Metadata Enrichment with Zero-Shot Detection Models
Enrich your visual data with zero-shot image detection models such as Grounding DINO and more to come.
This notebook is Part 2 of the dataset enrichment notebook series where we utilize various zero-shot models to enrich datasets.
- Part 1 - Dataset Enrichment with Zero-Shot Classification Models
- Part 2 - Dataset Enrichment with Zero-Shot Detection Models
- Part 3 - Dataset Enrichment with Zero-Shot Segmentation Models
If you haven't checked out Part 1, we highly encourage you to go through it first before proceeding with this notebook.
Purpose
In this notebook, we show an end-to-end example of how you can enrich the metadata of your visual using open-source zero-shot models such Grounding DINO using the output we obtained from Part 1.
By the end of the notebook, you'll learn how to:
- Install and load the Grounding DINO in fastdup.
- Enrich your dataset using bounding boxes and labels generated by the Grounding DINO model.
- Run inference using SAM on a single iamge.
- Specify custom prompt to search for object of interest in your dataset.
- Export the enriched dataset into COCO
.json
format.
Installation
First, let's install the necessary packages:
- fastdup - To analyze issues in the dataset.
- MMEngine, MMDetection, groundingdino-py - To use the Grounding DINO and MMDetection model.
- gdown - To download demo data hosted on Google Drive.
Run the following to install all the above packages.
pip install -Uq fastdup mmengine mmdet groundingdino-py gdown
Test the installation. If there's no error message, we are ready to go.
import fastdup
fastdup.__version__
'1.57'
CUDA Runtime
fastdup runs perfectly on CPUs, but larger models like Grounding DINO runs much slower on CPU compared to GPU.

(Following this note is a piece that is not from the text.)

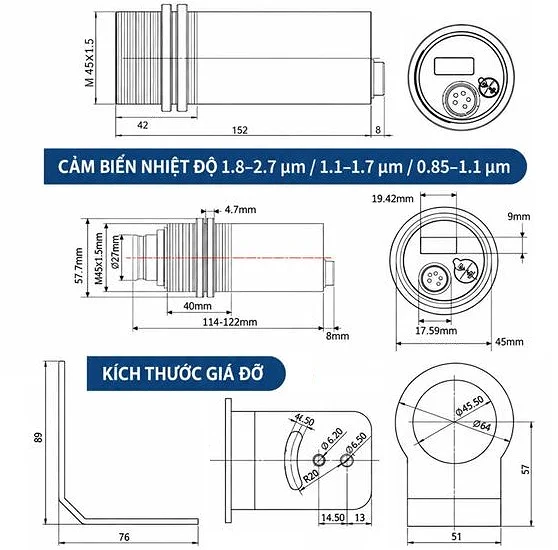 kích thước cảm biến hồng ngoại TTPSS-NT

This codes in this notebook can be run on CPU or GPU.
But, we highly recommend running in CUDA-enabled environment to reduce the run time. Running this notebook in Google Colab or Kaggle is a good start!
Download Dataset
Download the coco-minitrain dataset - A curated mini-training set consisting of 20% of COCO 2017 training dataset. The coco-minitrain
consists of 25,000 images and annotations.
First, let's load the dataset from the coco-minitrain
dataset.
gdown --fuzzy https://drive.google.com/file/d/1iSXVTlkV1_DhdYpVDqsjlT4NJFQ7OkyK/view
unzip -qq coco_minitrain_25k.zip
Zero-Shot Detection with Grounding DINO
Apart from zero-shot recognition models, fastdup also supports zero-shot detection models like Grounding DINO (and more to come).

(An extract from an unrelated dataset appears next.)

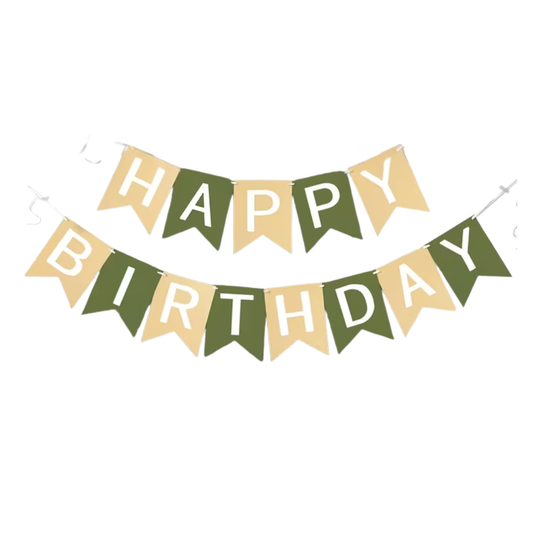Cream and Green Happy Birthday Paper banner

Grounding DINO is a powerful open-set zero-shot detection model. It accepts image-text pairs as inputs and outputs a bounding box.
1. Inference on a bulk of images
In Part 1 of the enrichment notebook series, we utilized zero-shot image tagging models such as Recognize Anything Model and ran an inference over the images in our dataset.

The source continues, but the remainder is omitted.